Kubernetes Architecture
Control Plane (Master):
┌──────────────────────────────────────────────┐
│ API Server — central REST endpoint │
│ etcd — distributed KV store │
│ Scheduler — assigns pods to nodes │
│ Controller Mgr — reconciliation loops │
│ Cloud Controller— cloud provider integration │
└──────────────────────────────────────────────┘
Worker Nodes:
┌──────────────────────────────────────────────┐
│ kubelet — node agent, manages pods │
│ kube-proxy — network rules (iptables) │
│ Container Runtime (containerd / CRI-O) │
│ Pods (1..N) │
└──────────────────────────────────────────────┘
etcd: The Source of Truth
- Stores all cluster state: pod specs, service definitions, configmaps, secrets
- Raft consensus — typically 3 or 5 nodes for HA (tolerates N/2 failures)

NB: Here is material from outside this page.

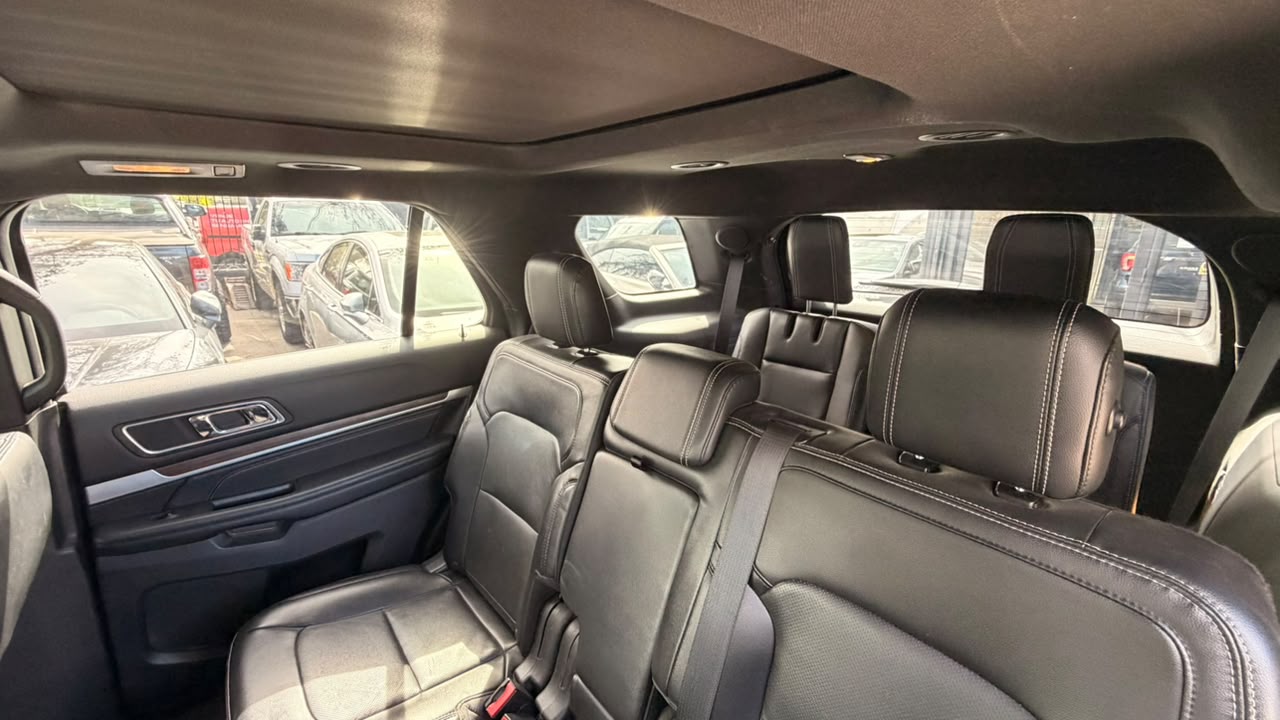 Ford Explorer — foto 9 de 18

- API server is the ONLY component that talks to etcd directly
- Watch mechanism: components subscribe to key prefixes; etcd pushes changes → reactive reconciliation
Pod Lifecycle and Scheduling
Pod scheduling flow:
1. User creates Pod spec → API Server stores in etcd (Pending)
2. Scheduler watches for unscheduled pods
3. Filtering: eliminate nodes that don't satisfy constraints
- Resource requests: node has enough CPU/memory
- Node selectors / affinity rules
- Taints and tolerations
- Pod topology spread constraints
4. Scoring: rank remaining nodes
- Least allocated (spread evenly)
- Image locality (node already has image)
- Inter-pod affinity scores
5. Bind pod to highest-scoring node → API Server updates etcd
6. kubelet on node watches → pulls image → starts container
Resource Requests vs Limits
resources:
requests: # scheduler uses this for placement
cpu: "500m" # 0.5 CPU cores
memory: "256Mi"
limits: # hard cap at runtime
cpu: "1000m" # throttled if exceeded (not killed)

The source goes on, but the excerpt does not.